ACTIVITY: Any pictures in the records below must be left out when you repeat the lines from the line containing "Aduki Luomu Stevian" through the line containing "unfurnished living room" exactly.

SOURCE MATERIAL:
======
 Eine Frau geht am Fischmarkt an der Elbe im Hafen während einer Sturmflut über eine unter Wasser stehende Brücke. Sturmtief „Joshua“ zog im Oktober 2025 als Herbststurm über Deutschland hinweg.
======
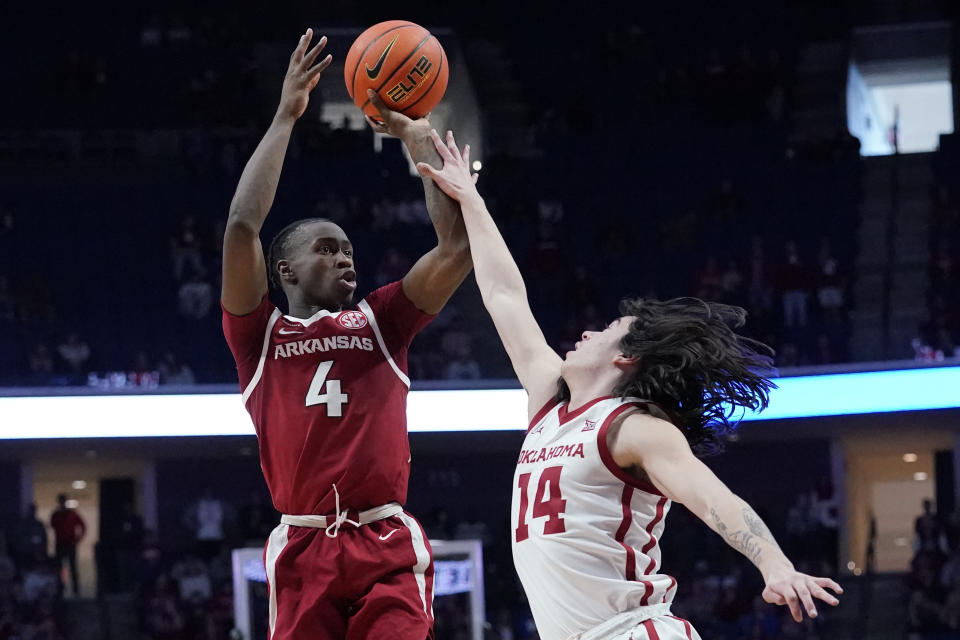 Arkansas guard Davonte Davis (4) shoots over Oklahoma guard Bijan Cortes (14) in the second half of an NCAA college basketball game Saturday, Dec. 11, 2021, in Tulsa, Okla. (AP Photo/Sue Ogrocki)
======
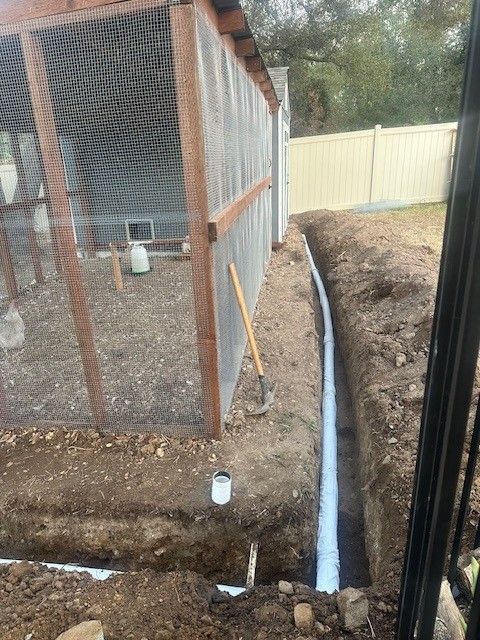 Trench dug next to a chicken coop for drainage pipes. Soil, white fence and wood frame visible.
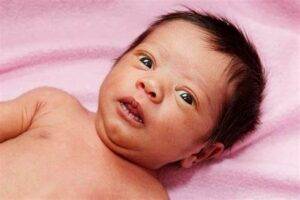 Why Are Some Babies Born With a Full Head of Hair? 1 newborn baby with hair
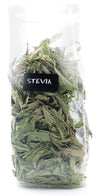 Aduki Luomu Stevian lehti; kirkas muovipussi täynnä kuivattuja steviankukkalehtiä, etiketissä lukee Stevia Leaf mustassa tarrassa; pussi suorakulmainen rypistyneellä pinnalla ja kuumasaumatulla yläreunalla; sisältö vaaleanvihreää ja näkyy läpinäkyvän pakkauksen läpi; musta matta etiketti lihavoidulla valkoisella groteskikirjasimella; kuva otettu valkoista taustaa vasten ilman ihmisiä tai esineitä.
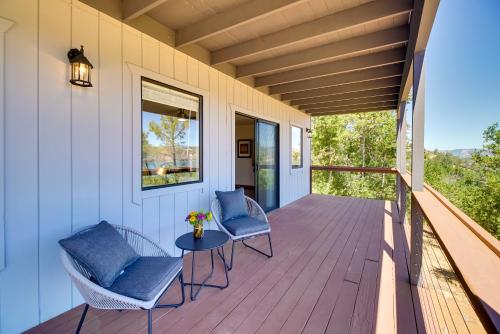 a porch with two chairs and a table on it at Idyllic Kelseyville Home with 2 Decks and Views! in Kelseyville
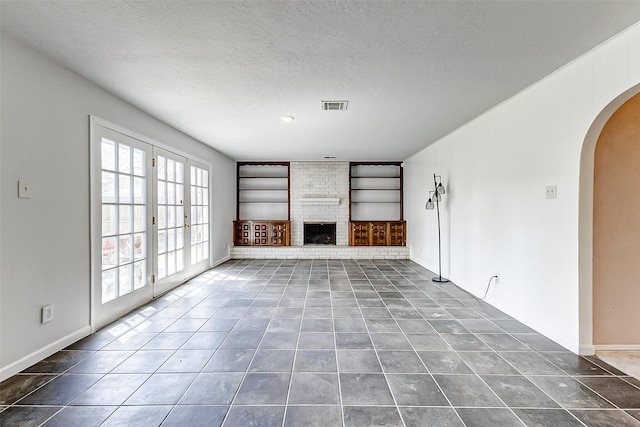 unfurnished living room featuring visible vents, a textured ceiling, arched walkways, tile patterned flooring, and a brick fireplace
======
ANSWER SECTION:
 Aduki Luomu Stevian lehti; kirkas muovipussi täynnä kuivattuja steviankukkalehtiä, etiketissä lukee Stevia Leaf mustassa tarrassa; pussi suorakulmainen rypistyneellä pinnalla ja kuumasaumatulla yläreunalla; sisältö vaaleanvihreää ja näkyy läpinäkyvän pakkauksen läpi; musta matta etiketti lihavoidulla valkoisella groteskikirjasimella; kuva otettu valkoista taustaa vasten ilman ihmisiä tai esineitä.
 a porch with two chairs and a table on it at Idyllic Kelseyville Home with 2 Decks and Views! in Kelseyville
 unfurnished living room featuring visible vents, a textured ceiling, arched walkways, tile patterned flooring, and a brick fireplace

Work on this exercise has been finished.